Becoming Realer: Identity, Craft and the MFA is a column that explores issues of poetry, theory and writing craft in relation to the personal experiences of Saint Mary’s College of California Creative Writing MFA candidate and LR staff writer, Kelsay Myers.
“We tell ourselves stories in order to live,” Joan Didion began “The White Album.” Her words have been on repeat in my head during the months that I have been neglecting this column while putting the finishing touches on my thesis for Saint Mary’s MFA in Creative Nonfiction. As I prepared to walk for graduation, I found myself returning to the beginning and wondering: Is that why I decided to tell stories? What exactly is the nature of telling stories?
This past January, I took a class that explored fairy tales from a comparative and cross-cultural perspective. I thought it would help me learn how to write stories since folk tales have both expository and narrative elements and follow set structural patterns. There is a hero or heroine who goes on a journey. There is a donor who helps the hero or heroine. There is a conflict, separation and ultimately a reunion. Things tend to happen in threes. In order to find the narrative arc in my own story, I decided to go back to the very beginning.

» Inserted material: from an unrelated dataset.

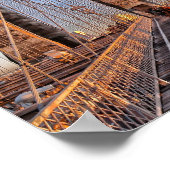 Brooklyn Bridge, New York Poster (Ecke)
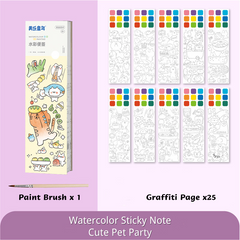 Watercolor Sticky Note Painting Book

Some folklorists believe that the first stories told were tales of giant-slayers. In a Norwegian tale, seven brothers go off in search of seven brides, and the oldest six are turned to stone by a giant’s hand. Only the youngest prince and princess are able to trick the giant and destroy his heart. Or in the Portuguese version, three sisters go out into a field to pick flowers, then disappear. When the youngest brother comes of age, he goes off in search of his lost sisters and finds the first two married to the King of the Birds and the King of the Fishes respectively. But his youngest sister is being held prisoner by an evil giant that wants to force her hand in marriage, and the brother must destroy the giant’s heart. Then there’s the Cyclops in Homer’s Odyssey or David and Goliath. Were these stories told in order for ancient people to live or were they just stories the peasants liked to tell to pass the time?
Maybe Joan Didion was only talking about her own stories. Or maybe her saying only holds true in contemporary society. Then again, with shows like Once Upon A Time and Grimm on the air and a steady stream of films that re-imagine fairy tales from “Little Red Riding Hood” to “Puss in Boots” and “Snow White,” contemporary culture seems just as fascinated with telling and hearing these stories as the ancients were. Maybe it’s the stories that do the living.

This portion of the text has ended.